# Problem details
Whatever lines the data contains, output all of them unchanged.

# Data shown

.....

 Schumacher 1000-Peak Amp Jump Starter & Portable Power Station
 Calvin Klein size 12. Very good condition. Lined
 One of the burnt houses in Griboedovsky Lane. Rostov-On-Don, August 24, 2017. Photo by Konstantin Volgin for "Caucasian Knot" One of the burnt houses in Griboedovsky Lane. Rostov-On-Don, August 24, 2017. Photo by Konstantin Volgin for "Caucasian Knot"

.....

# Output of the task
 Schumacher 1000-Peak Amp Jump Starter & Portable Power Station
 Calvin Klein size 12. Very good condition. Lined
 One of the burnt houses in Griboedovsky Lane. Rostov-On-Don, August 24, 2017. Photo by Konstantin Volgin for "Caucasian Knot" One of the burnt houses in Griboedovsky Lane. Rostov-On-Don, August 24, 2017. Photo by Konstantin Volgin for "Caucasian Knot"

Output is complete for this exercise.